> Exercise prompt:
Leaving out all pictures, transcribe the lines below exactly, from the first through the line containing "Koyu Arkaplanda Farklı".

#### Input data

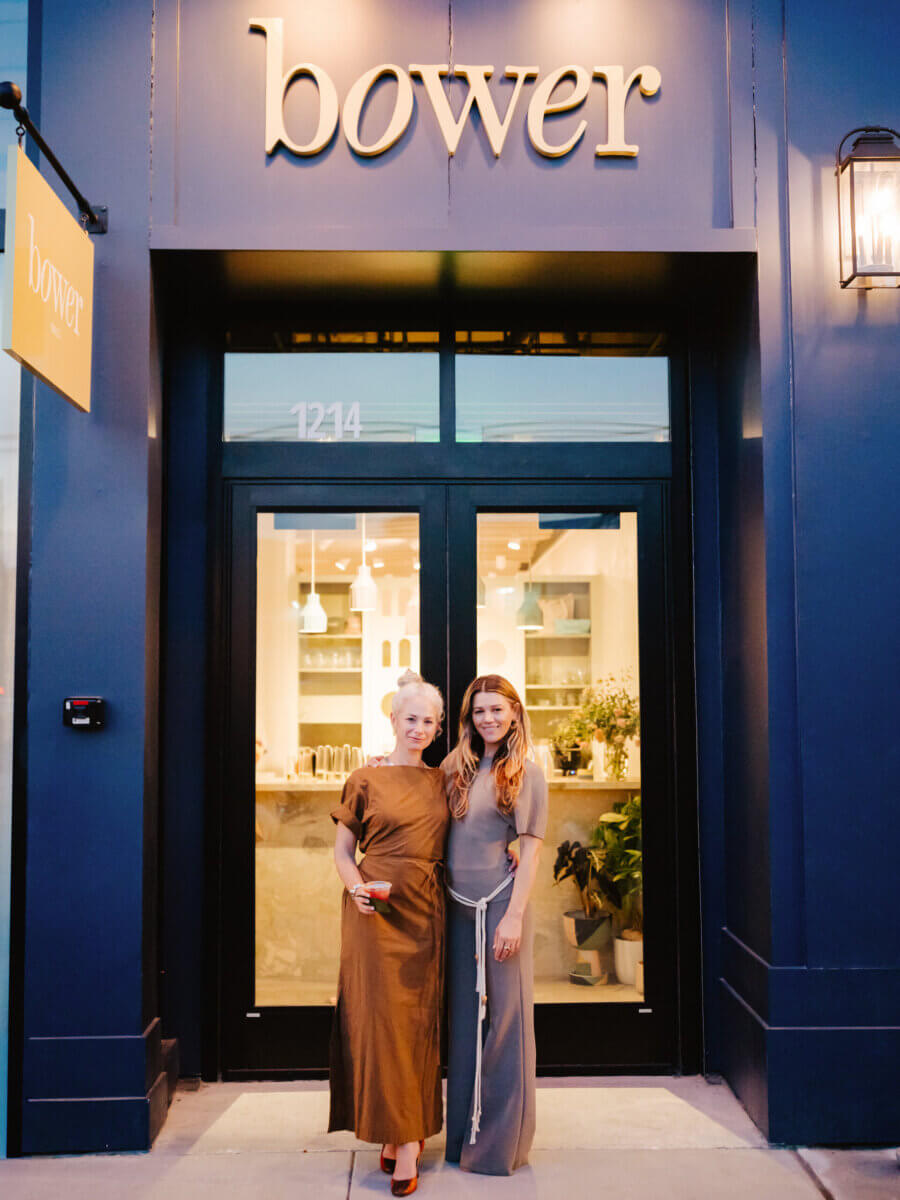 Two women stand side by side, smiling in front of a glass door entrance to a building with a “bower” sign above them.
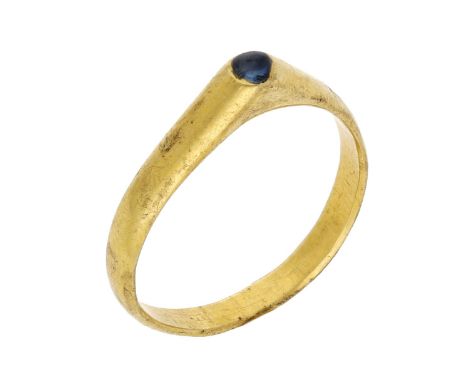 A Medieval gold and sapphire stirrup ring, late 13th century, the hoop of D-shaped cross section, the raised triangular-shape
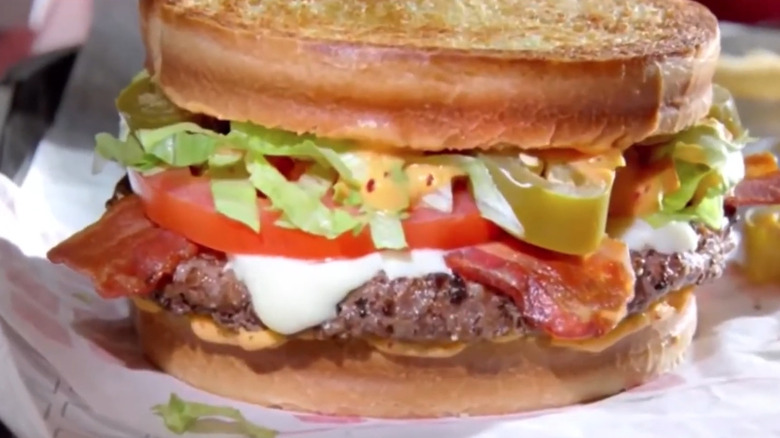 Jack in the Box spicy sriracha burger on paper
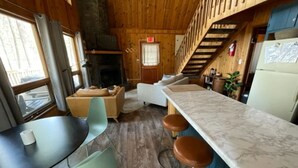 Interior acogedor de una cabaña con techo de madera, chimenea de piedra, zona de comedor con mesa y sillas, barra con taburetes y escalera que sube a un nivel superior.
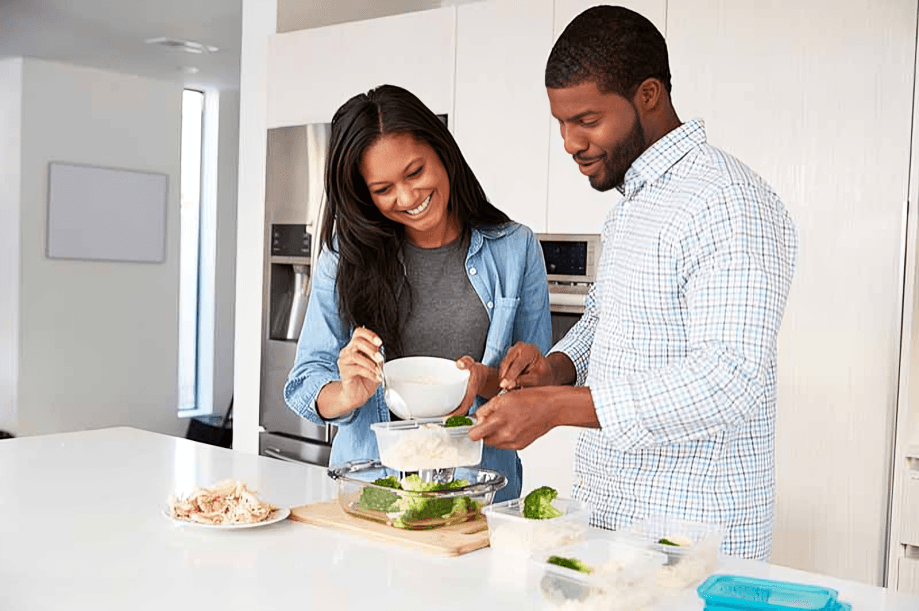 A couple, possibly African, preparing a meal in the kitchen.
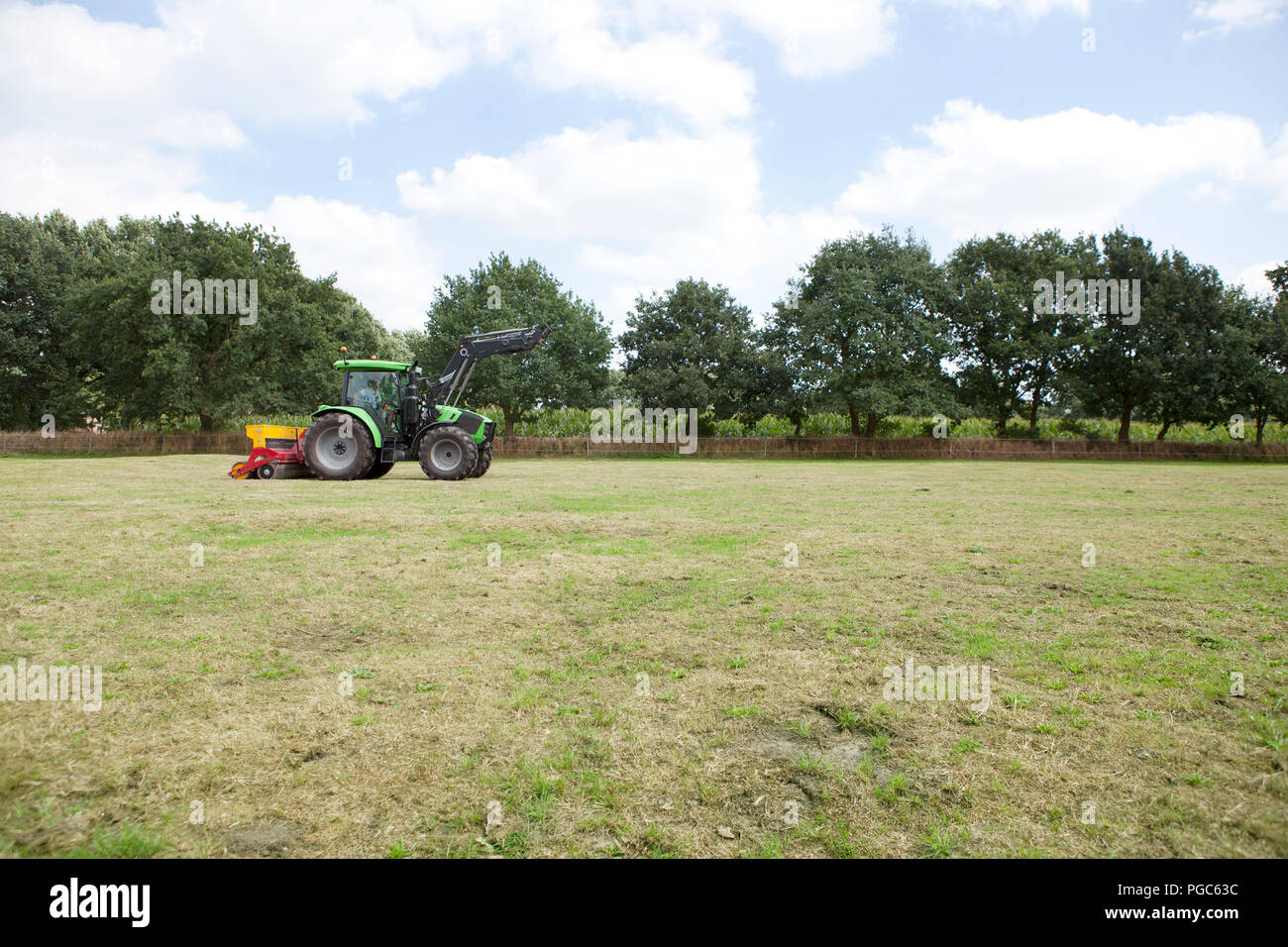 Eine moderne Traktor funktioniert der Rasen auf einem Pferd auf der Weide Stockfoto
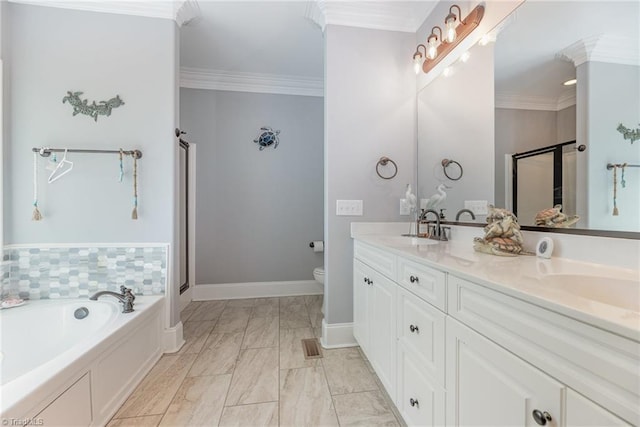 bathroom with a garden tub, double vanity, ornamental molding, a shower stall, and a sink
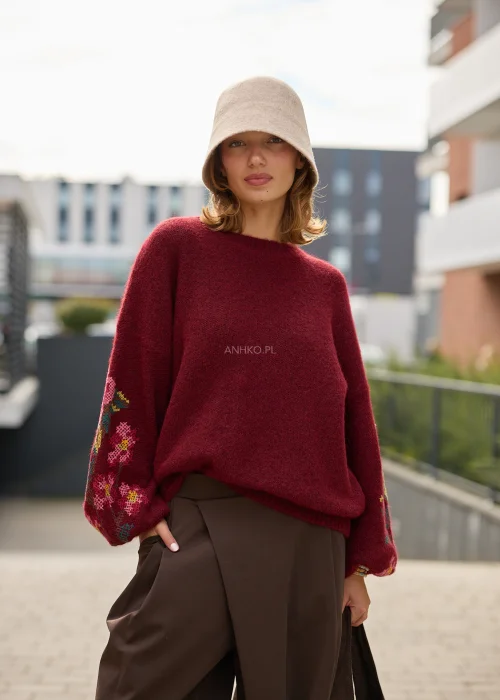 Sweter damski oversize w bordowym kolorze, z szerokimi rękawami ozdobionymi kolorowym haftem w kwiatowe motywy.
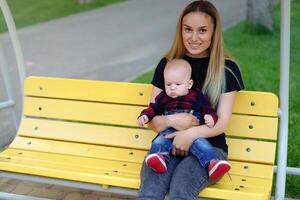 hermosa joven madre camina con su pequeño hijo en un verano parque foto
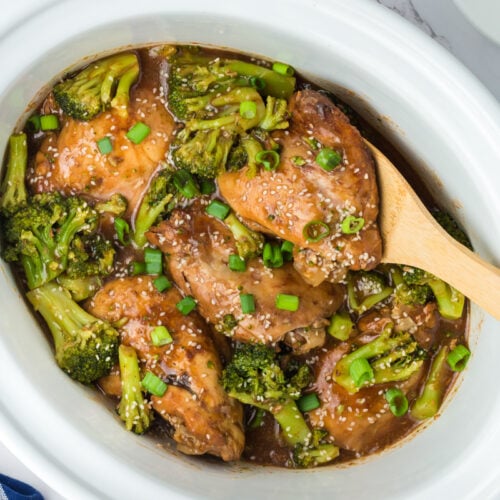 chicken and broccoli in a slow cooker with a wooden spoon in it.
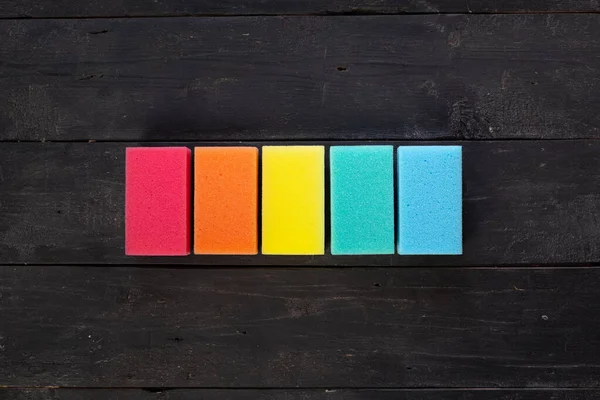 Koyu Arkaplanda Farklı Renkte Süngerler Üst Görünüm Beş Parça Bulaşık — Stok fotoğraf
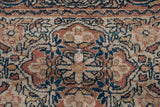 Signature border cartouche featuring intricate floral work in navy, gold, and terra cotta.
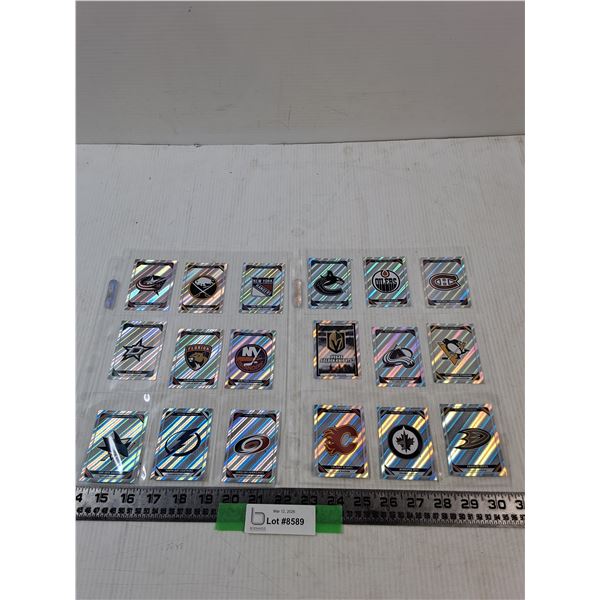 (18) Assorted NHL Silver Foil Team Logos
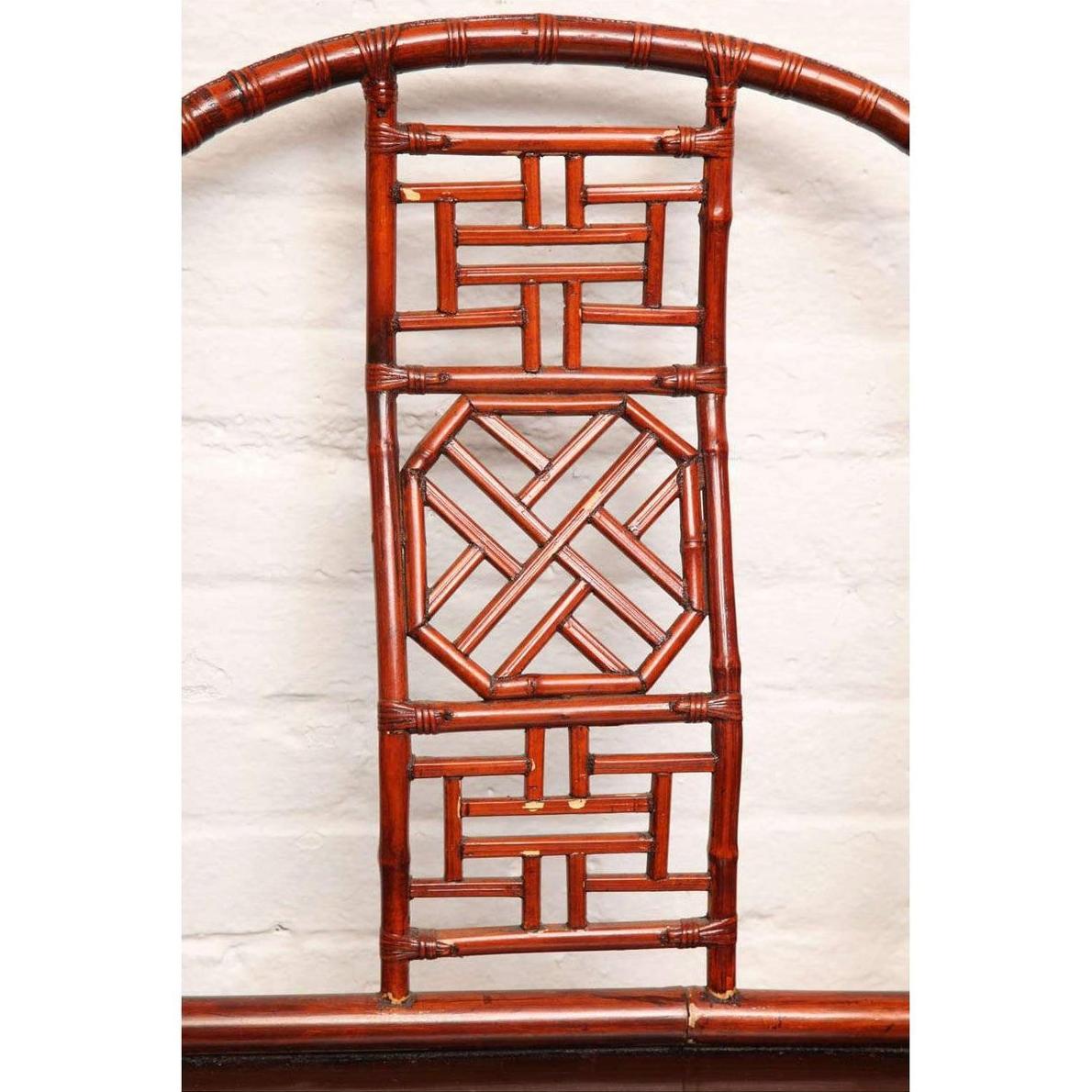 Close-up of brown bamboo and elm horseshoe-back armchair with geometric and circular patterns, 19th century Chinese style.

########

> Response:
 Two women stand side by side, smiling in front of a glass door entrance to a building with a “bower” sign above them.
 A Medieval gold and sapphire stirrup ring, late 13th century, the hoop of D-shaped cross section, the raised triangular-shape
 Jack in the Box spicy sriracha burger on paper
 Interior acogedor de una cabaña con techo de madera, chimenea de piedra, zona de comedor con mesa y sillas, barra con taburetes y escalera que sube a un nivel superior.
 A couple, possibly African, preparing a meal in the kitchen.
 Eine moderne Traktor funktioniert der Rasen auf einem Pferd auf der Weide Stockfoto
 bathroom with a garden tub, double vanity, ornamental molding, a shower stall, and a sink
 Sweter damski oversize w bordowym kolorze, z szerokimi rękawami ozdobionymi kolorowym haftem w kwiatowe motywy.
 hermosa joven madre camina con su pequeño hijo en un verano parque foto
 chicken and broccoli in a slow cooker with a wooden spoon in it.
 Koyu Arkaplanda Farklı Renkte Süngerler Üst Görünüm Beş Parça Bulaşık — Stok fotoğraf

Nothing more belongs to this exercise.